All these features failed to provide accurate classifications.
<e.g.> For frequency of alphabets, in Dutch: E, N, A are most frequently used alphabets; whereas for English it is E, T, A. This was a poor differentiator.
For average word length, both languages have a similar curve. Spike up between 3-4. This too, was a poor differentiator.
For sentence make-up and grammar; it was difficult to find the proper nouns-adjectives-pronouns etc. in the sentence.
Dutch does not have rules like English and some sentences fail to provide right answers.
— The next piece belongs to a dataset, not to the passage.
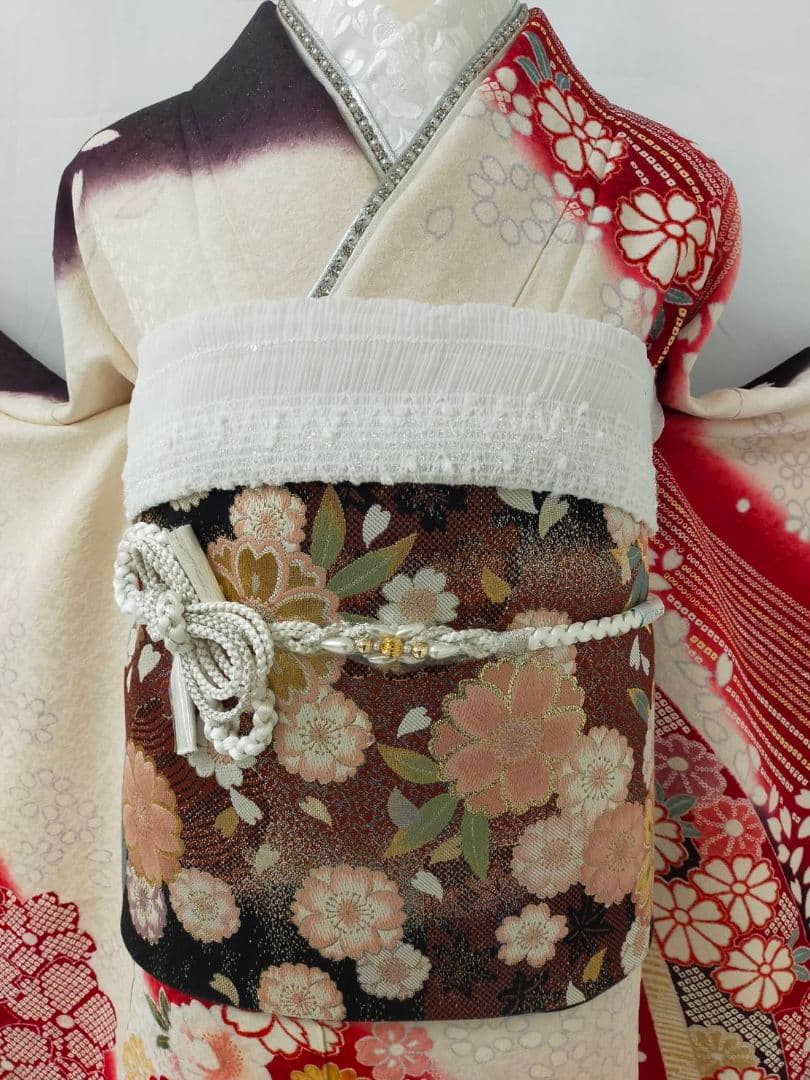 売約済み【WA-Modern】★★正絹　正統派　振袖7点フルセット★★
Hence, the features I selected were based on most common words used in their vernacular.
- Check if the sentence contains “the” : It’s the most common word in English language.
- Check if the sentence contains “het” or “de” : It’s Dutch equivalent for “THE”
- Check if the sentence contains “and”
- Check if the sentence contains “ik” : Dutch equivalent of ‘I’
- Check if the sentence contains “een” : Dutch equivalent of ‘A’
- Check if the sentence contains “en” : Dutch equivalent of ‘AND’
- Check if the sentence contains “he” or “she” : Used in most conversations and third person sentences
- Check if the sentence contains “hij” or “ze” or “zij” : Dutch equivalent of ‘HE / SHE’
- Check if the sentence contains “van” : Dutch equivalent of ‘FROM/OF/BY’
- Check if the sentence contains “a” : The English alphabet ‘a’.